Weller se colocou imediatamente à frente da esposa enquanto ela olhava desesperada para ele.
— Ela não vai a lugar algum.”


Kurt deu sequência a uma oposição ferrenha aos agentes da CIA e ASN. Verificou os mandatos, argumentou de forma nada gentil. Remi permaneceu calada. Ela sabia que qualquer coisa que dissesse poderia piorar sua situação. Felizmente, Reade e Zapata apareceram reforçando a oposição de Weller:
— O caso Jane Doe e tudo que se refere a ele está sob jurisdição do FBI. Apesar de termos organizado uma força tarefa conjunta, Jane especificamente, é uma agente do FBI agora. Então, se averiguações sobre as suspeitas são necessárias, isso será feito por nossa agência. Ela vai conosco. – Reade foi enfático.

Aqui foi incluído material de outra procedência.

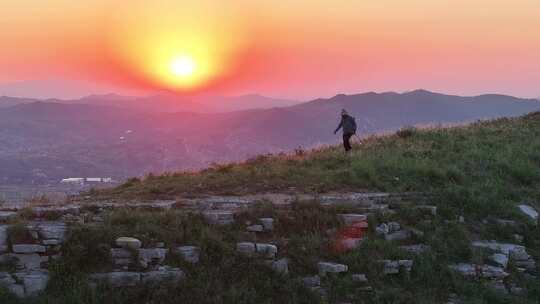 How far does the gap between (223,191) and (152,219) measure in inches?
126

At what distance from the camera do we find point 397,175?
15062mm

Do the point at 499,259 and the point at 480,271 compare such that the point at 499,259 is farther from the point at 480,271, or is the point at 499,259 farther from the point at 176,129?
the point at 176,129

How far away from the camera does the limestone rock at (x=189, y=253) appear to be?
386 inches

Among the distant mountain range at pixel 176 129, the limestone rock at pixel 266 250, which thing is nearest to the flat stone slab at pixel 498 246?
the limestone rock at pixel 266 250

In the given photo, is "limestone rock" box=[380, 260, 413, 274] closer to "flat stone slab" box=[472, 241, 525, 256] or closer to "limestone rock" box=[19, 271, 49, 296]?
"flat stone slab" box=[472, 241, 525, 256]

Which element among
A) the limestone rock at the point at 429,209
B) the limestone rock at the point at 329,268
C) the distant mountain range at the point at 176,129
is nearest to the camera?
the limestone rock at the point at 329,268

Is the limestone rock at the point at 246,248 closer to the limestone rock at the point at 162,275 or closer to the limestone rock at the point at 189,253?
the limestone rock at the point at 189,253

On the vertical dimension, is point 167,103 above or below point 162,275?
above

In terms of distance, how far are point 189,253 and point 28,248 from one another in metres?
2.52

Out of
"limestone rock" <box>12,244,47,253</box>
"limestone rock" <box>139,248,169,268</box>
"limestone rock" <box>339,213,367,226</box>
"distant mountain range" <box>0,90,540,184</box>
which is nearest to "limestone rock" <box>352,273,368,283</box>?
"limestone rock" <box>339,213,367,226</box>

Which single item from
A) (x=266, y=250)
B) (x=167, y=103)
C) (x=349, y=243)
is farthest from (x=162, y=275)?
(x=167, y=103)

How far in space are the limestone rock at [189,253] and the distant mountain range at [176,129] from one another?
33.9 meters

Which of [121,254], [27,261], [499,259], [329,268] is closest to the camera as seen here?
[27,261]

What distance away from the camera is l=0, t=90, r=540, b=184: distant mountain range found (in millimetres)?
53688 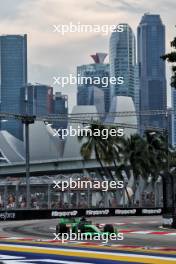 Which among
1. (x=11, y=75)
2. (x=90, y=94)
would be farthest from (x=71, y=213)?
(x=11, y=75)

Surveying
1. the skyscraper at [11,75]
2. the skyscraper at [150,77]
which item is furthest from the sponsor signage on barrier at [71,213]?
the skyscraper at [11,75]

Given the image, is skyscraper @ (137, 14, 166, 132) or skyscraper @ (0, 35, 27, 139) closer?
skyscraper @ (137, 14, 166, 132)

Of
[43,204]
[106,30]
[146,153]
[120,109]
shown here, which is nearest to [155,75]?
[146,153]

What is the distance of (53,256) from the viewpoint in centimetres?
1592

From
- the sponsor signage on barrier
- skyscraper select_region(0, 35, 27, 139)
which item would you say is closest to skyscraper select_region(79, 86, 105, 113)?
the sponsor signage on barrier

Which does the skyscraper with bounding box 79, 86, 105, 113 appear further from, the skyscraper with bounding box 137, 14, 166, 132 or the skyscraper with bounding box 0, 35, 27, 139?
the skyscraper with bounding box 0, 35, 27, 139

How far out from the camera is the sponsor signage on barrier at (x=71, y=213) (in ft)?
160

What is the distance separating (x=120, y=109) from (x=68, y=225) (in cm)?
7446

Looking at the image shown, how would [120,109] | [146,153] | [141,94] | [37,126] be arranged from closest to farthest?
[141,94] < [146,153] < [120,109] < [37,126]

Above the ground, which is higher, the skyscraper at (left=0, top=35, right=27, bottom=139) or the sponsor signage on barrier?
the skyscraper at (left=0, top=35, right=27, bottom=139)

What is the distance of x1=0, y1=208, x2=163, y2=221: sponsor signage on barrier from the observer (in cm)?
4866

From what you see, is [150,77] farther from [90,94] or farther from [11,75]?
[11,75]

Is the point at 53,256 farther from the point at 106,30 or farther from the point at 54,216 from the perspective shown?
the point at 54,216

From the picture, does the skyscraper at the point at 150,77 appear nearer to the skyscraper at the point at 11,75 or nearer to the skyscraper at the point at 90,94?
the skyscraper at the point at 90,94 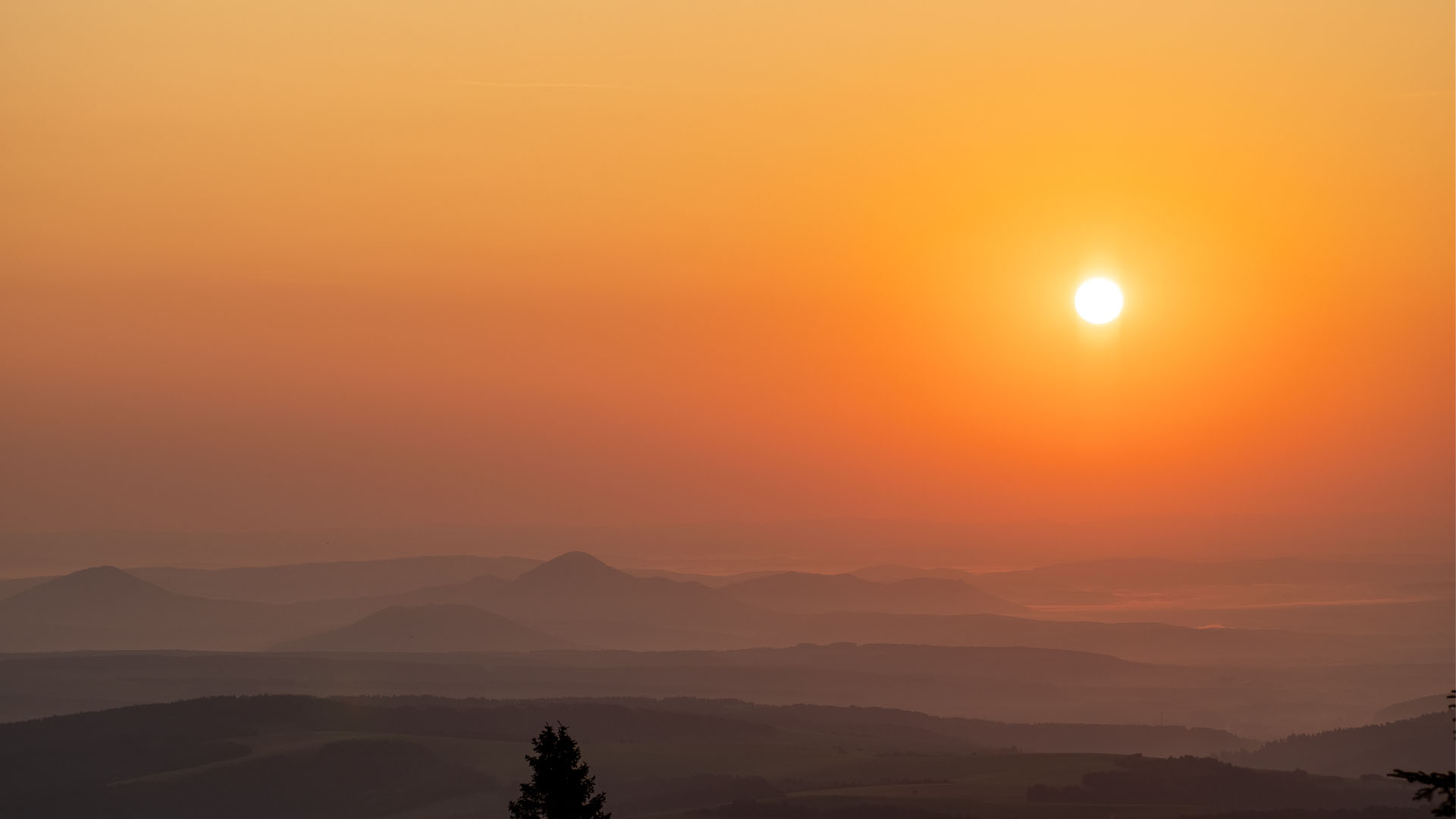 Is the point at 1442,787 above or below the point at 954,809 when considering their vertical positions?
below

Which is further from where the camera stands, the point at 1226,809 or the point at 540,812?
the point at 1226,809

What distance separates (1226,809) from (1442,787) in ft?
579

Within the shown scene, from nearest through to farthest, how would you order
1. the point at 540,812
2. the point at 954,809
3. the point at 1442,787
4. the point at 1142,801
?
1. the point at 1442,787
2. the point at 540,812
3. the point at 954,809
4. the point at 1142,801

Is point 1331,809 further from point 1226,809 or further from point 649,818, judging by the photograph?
point 649,818

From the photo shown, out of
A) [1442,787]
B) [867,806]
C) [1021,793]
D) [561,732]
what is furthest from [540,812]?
[1021,793]

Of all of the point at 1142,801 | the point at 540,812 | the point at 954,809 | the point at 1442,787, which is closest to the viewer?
the point at 1442,787

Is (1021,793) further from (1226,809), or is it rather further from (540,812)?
(540,812)

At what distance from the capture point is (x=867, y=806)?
18512cm

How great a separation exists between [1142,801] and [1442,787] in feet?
587

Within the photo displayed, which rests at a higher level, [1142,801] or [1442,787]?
[1142,801]

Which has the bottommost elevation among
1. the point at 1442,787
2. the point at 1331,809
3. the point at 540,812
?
the point at 1442,787

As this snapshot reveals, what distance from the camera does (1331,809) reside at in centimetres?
18725

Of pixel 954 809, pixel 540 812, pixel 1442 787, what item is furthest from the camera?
pixel 954 809

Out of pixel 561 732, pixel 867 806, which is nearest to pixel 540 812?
pixel 561 732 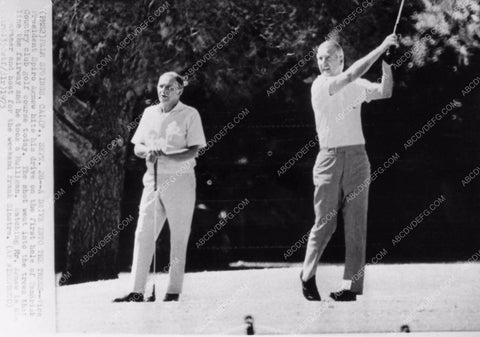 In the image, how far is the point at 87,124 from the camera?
13.1ft

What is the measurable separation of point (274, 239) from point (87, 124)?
141 cm

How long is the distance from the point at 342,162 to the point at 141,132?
124cm

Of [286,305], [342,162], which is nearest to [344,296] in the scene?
[286,305]

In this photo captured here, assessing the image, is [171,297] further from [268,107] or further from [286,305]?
[268,107]

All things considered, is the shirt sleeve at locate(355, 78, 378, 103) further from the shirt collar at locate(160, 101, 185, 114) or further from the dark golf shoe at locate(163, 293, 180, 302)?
the dark golf shoe at locate(163, 293, 180, 302)

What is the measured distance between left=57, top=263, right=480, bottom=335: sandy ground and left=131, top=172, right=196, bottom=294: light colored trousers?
102 millimetres

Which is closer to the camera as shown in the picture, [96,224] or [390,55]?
[390,55]

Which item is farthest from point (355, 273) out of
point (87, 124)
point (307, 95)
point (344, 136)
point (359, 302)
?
point (87, 124)

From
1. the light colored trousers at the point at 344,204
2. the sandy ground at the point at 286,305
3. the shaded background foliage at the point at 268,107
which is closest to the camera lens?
the light colored trousers at the point at 344,204

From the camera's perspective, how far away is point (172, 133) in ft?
12.4

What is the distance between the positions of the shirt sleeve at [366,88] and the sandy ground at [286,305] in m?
1.05

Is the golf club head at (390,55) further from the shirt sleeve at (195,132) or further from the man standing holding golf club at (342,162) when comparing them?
the shirt sleeve at (195,132)

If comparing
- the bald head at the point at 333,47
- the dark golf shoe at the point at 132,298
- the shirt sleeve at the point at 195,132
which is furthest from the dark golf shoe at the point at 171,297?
the bald head at the point at 333,47

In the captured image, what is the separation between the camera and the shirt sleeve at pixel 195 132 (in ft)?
12.5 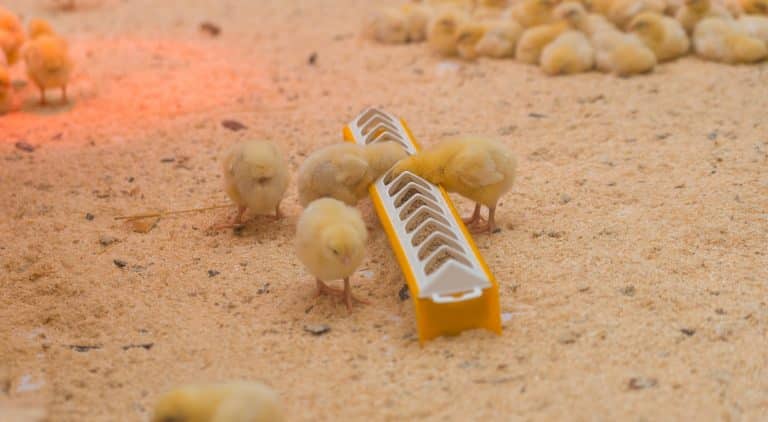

Chegando ao SIOC, foram direto para o escritório de Reade para verificar detalhadamente as acusações. Assim que entraram, todos se preocuparam em acomodar Remi em uma das poltronas e pediram para Brianna trazer água. Ela garantiu que estava bem, mas continuou calada, apenas ouvindo o que a equipe tinha a dizer. Reade enumerou:
— “Suspeita de envolvimento recente com forças terroristas; suspeitas de planos para libertar Roman e Shepherd; ataque a agentes da ASN; suspeita de assassinato de Blake Crawford.” É uma lista extensa.
— Tem algo muito errado nisso tudo. Sabemos que Remi não fez nada disso. Precisamos esclarecer tudo logo e acabar com essa palhaçada. – Weller parecia focado, mas Reade sabia que, mais que nunca, as emoções o impediam de enxergar todas as facetas daquelas acusações.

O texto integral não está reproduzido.